#!/usr/bin/perl -w


#############################################################################
## This machine-generated file was created Tue Jul  9 14:02:28 2002.
## It was built from the following files:
##   triangulate.p		(dated Sun Jul  7 17:49:09 2002)
## 
## Changes to this file will be lost when it is rebuilt
#############################################################################

#
# $Id: //pentools/main/rpat/triangulate.p#1 $
#
# written by :	Stephen J. Friedl
#               Software Consultant
#               Tustin, California USA
#               steve@unixwiz.net / www.unixwiz.net
#
#		=== This code is in the public domain ===
#
#	This program processes the logfiles produced by the RPAT daemon
#	and attempts to "triangulate" the data to locate the abusers of
#	the anonymous proxies.

use strict;

my %REMOTES   = ();
my %NAMECACHE = ();
my %FOLDPROXY = ();

my $do_namelookup = 0;
my $do_foldproxy  = 0;
my $minproxy      = 5;
my $minhits       = 5;

$0 =~ s|..*/||;		# dump leading path of program name

foreach ( @ARGV )
{
	if ( m/^--help/i )                      # --help
	{
		print STDERR <<EOF;

usage: $0 [options]

  --help                show this help listing
  --namelookup          perform IP->name DNS lookups (slow!)
  --foldproxy           fold multiple proxies in a C block to one
  --minhits=N           ignore proxies that have less than N hits per remote
  --minproxy=N          ignore remotes with less than N different proxies

  SNMP records are read from standard input
EOF
		exit 1;
	}
	elsif ( m/^--namelookup$/ )             # --namelookup
	{
		$do_namelookup = 1;
	}
	elsif ( m/^--foldproxy$/ )              # --foldproxy
	{
		$do_foldproxy = 1;
	}
	elsif ( m/^--minproxy=(\d+)$/ )         # --minproxy=N
	{
		$minproxy = $1;
	}
	elsif ( m/^--minhits=(\d+)$/ )          # --minhits=N
	{
		$minhits = $1;
	}
	elsif ( m/^-/ )
	{
		die "ERROR: {$_} is invalid cmdline parameter (try --help)\n";
	}
	else
	{
		die "ERROR: {$_} is unknown cmdline parameter (try --help)\n";
	}
}

my $icount = 0;	# count of input SNMP records
my $rcount = 0;	# count of processed remote records

while ( <STDIN> )
{
	next unless m/^SNMP/;

	s/\s+$//;

	++ $icount;

	#----------------------------------------------------------------
	# DECODE INPUT
	#
	# split up the input stream on tabs and colons.
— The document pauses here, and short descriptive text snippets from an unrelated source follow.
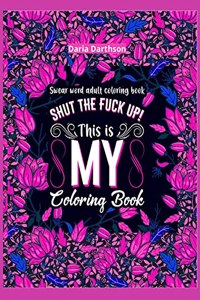 Shut The Fuck Up! This Is My Coloring Book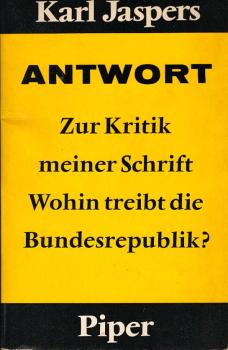Antwort : Zur Kritik meiner Schrift Wohin treibt d. Bundesrepublik?.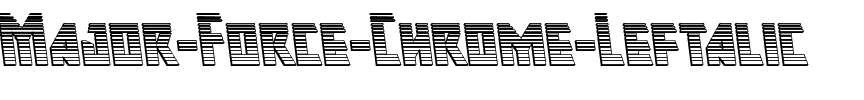 Major Force Chrome Leftalic Italic.ttf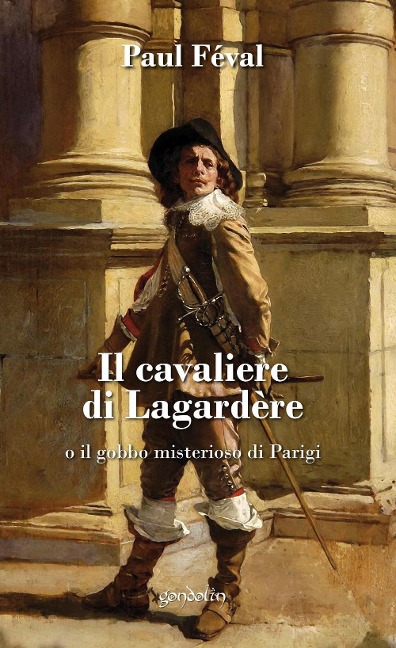 Il cavaliere di Lagardère o il gobbo misterioso di Parigi - Paul Féval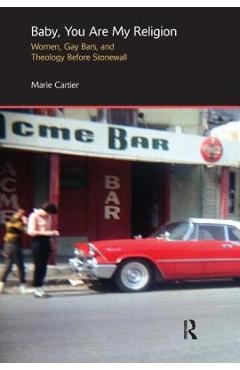 Coperta cărții 'Baby, You Are My Religion: Women, Gay Bars, and Theology Before Stonewall - Marie Cartier'
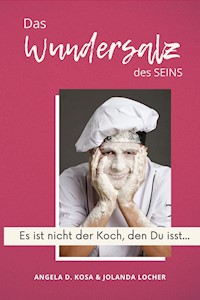 Das Wundersalz des SEINS - Angela D. Kosa - ebook
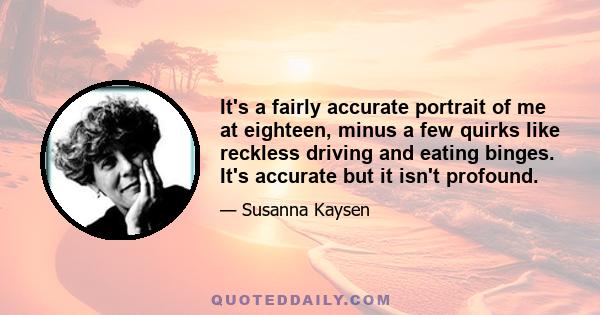 It's a fairly accurate portrait of me at eighteen, minus a few quirks like reckless driving and eating binges. It's accurate but it isn't profound.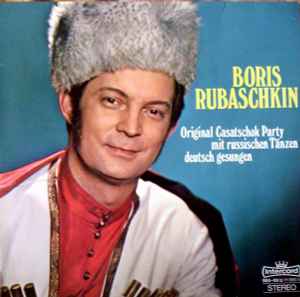 Boris Rubaschkin - Original Casatschok Party Mit Russischen Tänzen Deutsch Gesungen Album-Cover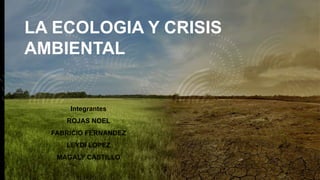 LA ECOLOGIA Y CRISIS
AMBIENTAL
Integrantes
ROJAS NOEL
FABRICIO FERNANDEZ
LEYDI LOPEZ
MAGALY CASTILLO
 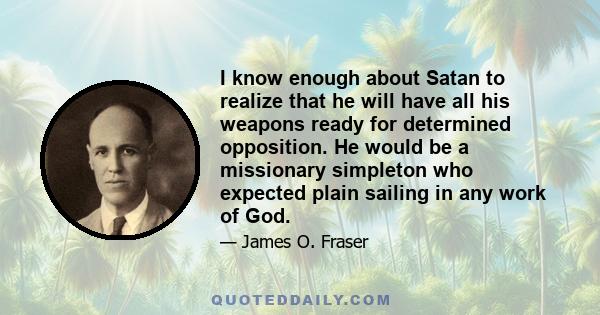 I know enough about Satan to realize that he will have all his weapons ready for determined opposition. He would be a missionary simpleton who expected plain sailing in any work of God.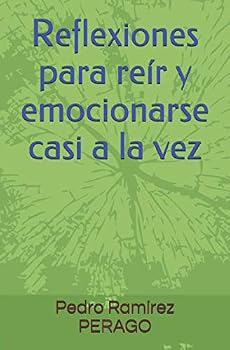Paperback Reflexiones para reír y emocionarse casi a la vez (Spanish Edition) [Spanish] Book
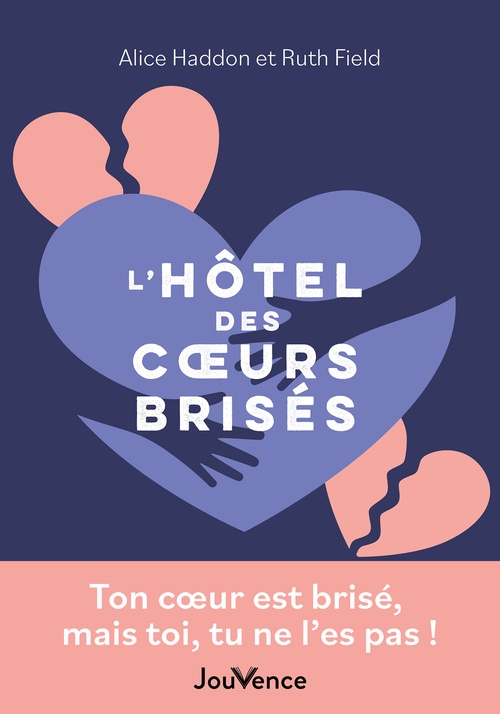 ebook cover of L'hôtel des coeurs brisés, by Ruth Field, Alice Haddon, Véronique Gourdon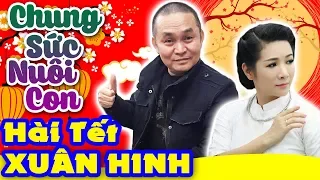 Hài Xuân Hinh | Chung Sức Nuôi Con | Hài Tết Xuân Hinh, Thanh Thanh Hiền Mới Nhất - Cười Vỡ Bụng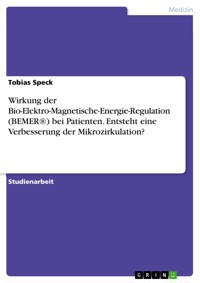 Wirkung der Bio-Elektro-Magnetische-Energie-Regulation (BEMER®) bei Patienten. Entsteht eine Verbesserung der Mikrozirkulation? - Tobias Speck - E-Book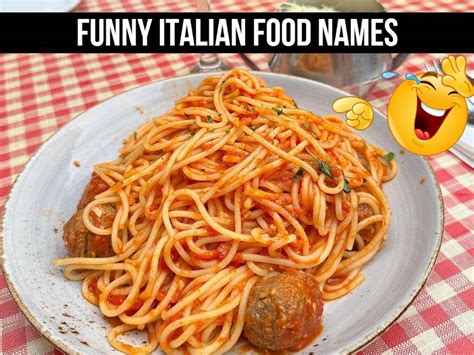 Italian Food Names So Funny Youll Want To Try Them All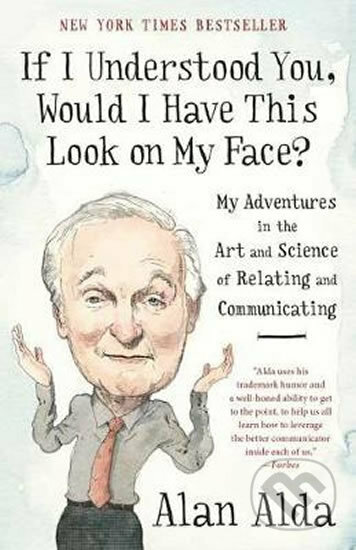 Kniha: If I Understood You, Would I Have This Look On My Face? (Alan Alda). Random House, 2018 Kniha: If I Understood You, Would I Have This Look On My Face? (Alan Alda). Random House, 2018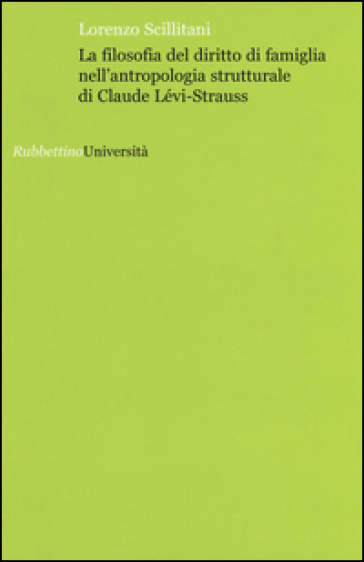 La filosofia del diritto di famiglia nell'antropologia di Claude Lévi-Strauss - Lorenzo Scillitani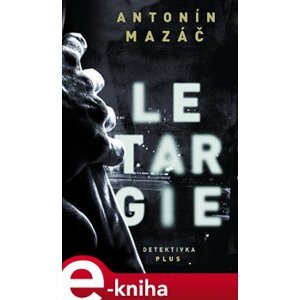 Letargie - Antonín Mazáč e-kniha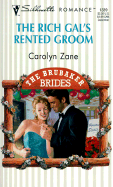 The Rich Gal's Rented Groom - Zane, Carolyn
The "SNMP" word
	# is there literally just to give us a way to grep for the "good"
	# lines from the file (avoiding error & status msgs), and the date
	# is not currently interesting to us. Maybe later.
	#
	# SNMP 20020501152902  210.227.151.130:137 0.0.0.0:43014 listen
	# -------------------  --------------- --- ------- ----- ------
	# 1                    2               3   4       5     6
	#

	my($snmp, $proxyip, $proxyport, $remoteip, $remoteport, $state)
		= split( m/[:\t]/ );

	# ----------------------------------------------------------------
	# "Listening" ports are not interesting - they don't represent any
	# possibly valid connections. Once "listen" has been dispensed with,
	# the status is no longer ever considered.
	#
	next if $state eq 'listen';

	# ----------------------------------------------------------------
	# Ignore all records with uninteresting IP addresses
	#
	next if is_private($proxyip)
	     || is_private($remoteip);

	next if     is_proxy($remoteport);	# ignore outbound proxy
	next unless is_proxy($proxyport);	# keep inbound proxy

	# ----------------------------------------------------------------
	# Convert the proxy and remote IP addresses to class C form. This
	# allows us to ignore any requests where the proxy and the remote
	# are in the same address block (e.g., *local* proxy users).
	#

	( my $Cproxyip  = $proxyip  ) =~ s/\.\d+$/.0/;
	( my $Cremoteip = $remoteip ) =~ s/\.\d+$/.0/;

	next if $Cremoteip eq $Cproxyip;


	$proxyip = foldproxy($proxyip)   if $do_foldproxy;

	# tally it!
	$REMOTES{ $remoteip } -> { $proxyip }++;

	++ $rcount;
}

printf STDERR "Read %d SNMP records, kept %d\n", $icount, $rcount;

# ------------------------------------------------------------------------
# Run through the list of all remotes and dump all proxies that have
# less than the minimum number of hits. These are really just incidental
# and probably not abusive.
#
# While we're at it, we also dump 
#

if ( $minhits > 1 )
{
	print STDERR "Dropping proxies with less than $minhits hits\n";

	my $dropped = 0;

	foreach my $remote ( keys %REMOTES )
	{
		my $proxylist = $REMOTES{$remote};

		foreach my $ip ( keys %{ $proxylist } )
		{
			if ( $proxylist->{$ip} < $minhits )
			{
				++ $dropped;

				delete $proxylist->{$ip};
			}
		}

		# does the remote itself have too few proxies?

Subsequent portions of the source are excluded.